Hurricane Helene heavily devastated the Appalachian Mountains of western North Carolina, especially Asheville, almost 500 miles north of the Gulf of Mexico causing a conservative estimate of $100 billion worth of property and infrastructure damage according to FEMA, which proved to be greatly inept under the Biden administration. Even as late as December in the frigid weather of the Appalachian Mountains many people were still living in canvas tents or yurts and other substandard housing, which was a national disgrace due to a lack of funds from a non-responsive FEMA.
I am neither an earth scientist nor a geoscientist and certainly not an expert on “global weirding.” However, I must admit that an all-time record eight inches of snow in New Orleans, Louisiana on January 22 was rather “weird.” That also included another five inches or more of “weird” snow in Pensacola, Florida on the same date.

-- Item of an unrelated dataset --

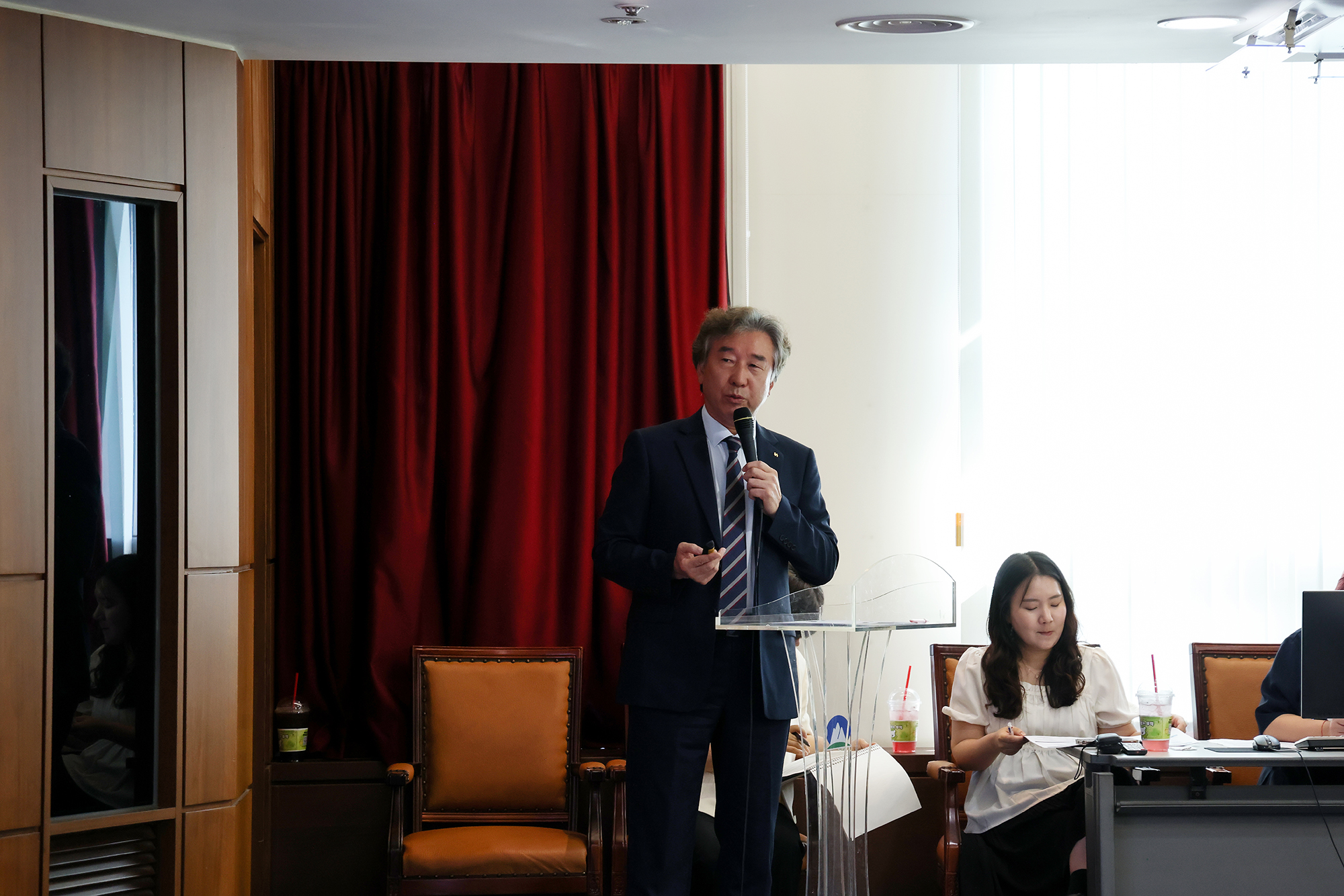 지역사회보장계획 연구용역 최종보고회 해당 썸네일입니다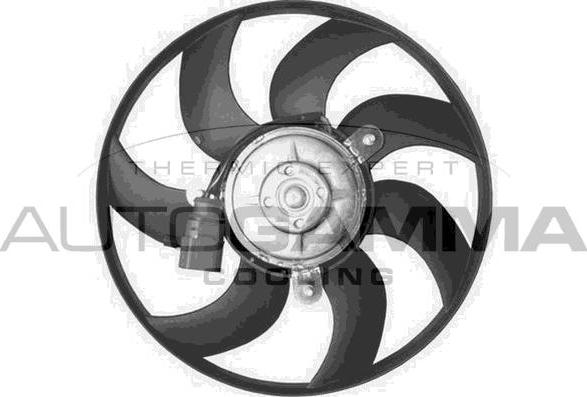 Autogamma GA221004 - Fan, radiator autospares.lv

If these unprecedented Category 4 hurricanes become more common in the Gulf of Mexico in the next ten years, the U.S. is going to have an expensive environmental and economic problem on its hands. That is because it could cost the U.S. Treasury hundreds of billions of dollars, which U.S. taxpayers can ill afford with a profligate and gargantuan national debt of over $36.5 trillion and interest payments of $1 trillion every one hundred days ($3.6 trillion per year).
If these category 4 hurricanes continue to occur so quickly in the Gulf of Mexico, Trump’s 20th century, nostalgic policy of “drill, baby, drill” and reviving the XL pipeline is not going to be a long-term solution.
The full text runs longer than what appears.